Strabismus involves a misalignment of the eyes, and esotropia is a kind of strabismus, one that involves inward turning of the eyes. The symptoms of esotropia would typically include crossed eyes, double vision, eyes that do not focus or move together, and a loss of vision in one eye as the brain beings to ignore any information coming from it. The last symptom is one that also results in a loss of three-dimensional vision. The causes of esotropia can include damage to the sixth cranial (abducens) nerve or parts of it in the lower brain; a genetic disorder that impairs the nervous system and liver function; the lack of glycerol kinase, which also causes motor problems, bone loss and easy damage and spasticity; a small optic disc and neurological problems. It could be any or all of these, or even a good combination. The problem may involve esotropia that may favor the right eye, left eye or alternate between them. It may also be concomitant or not, which means it could address the question of whether that deviation changes with the direction the person looks in. Concomitant esotropias could begin first, and they could then turn into ‘primary’ ones, but if they occur because of a loss or damage to vision, they are termed secondary. If they are a result of overcorrecting an initial condition wherein the eye was facing outward to start with, they are termed consecutive.
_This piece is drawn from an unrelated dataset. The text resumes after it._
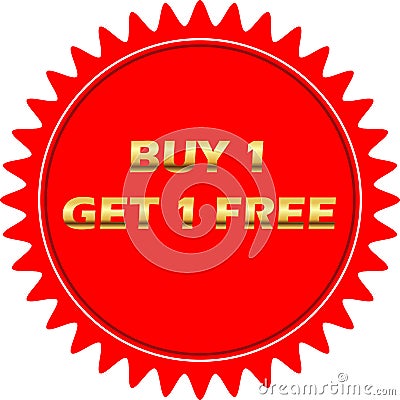 buy one get one free Golden red tag, buy 1 get 1 free sign board vector, sales tag Golden Vector Illustration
Such loss of vision occurs because infants improve their eyesight with use, and without use the eye cannot improve.
Treatment for Esotropia
The origins and the classification for each individual esotrope influence the prognosis of the condition. Treatments almost always start with first identifying internal problems that may have resulted in esotropia to begin with. Thereafter, corrective glasses can be tried, eyes can be blocked to avoid bad vision in otherwise effective eyes to ensure both eyes are used, eye exercises may be used to improve three-dimensional vision, and prisms used to correct vision. In adults, botulin may be used to prevent muscles from contracting before surgery. Phospholine iodide drops have been shown to help deal with the condition. Surgery has also been used to fix muscle tension in one or both eyes. It may even involve the shifting of muscles from the side of the eye to the back; and in some cases by shortening the muscle length to let the eye move outward.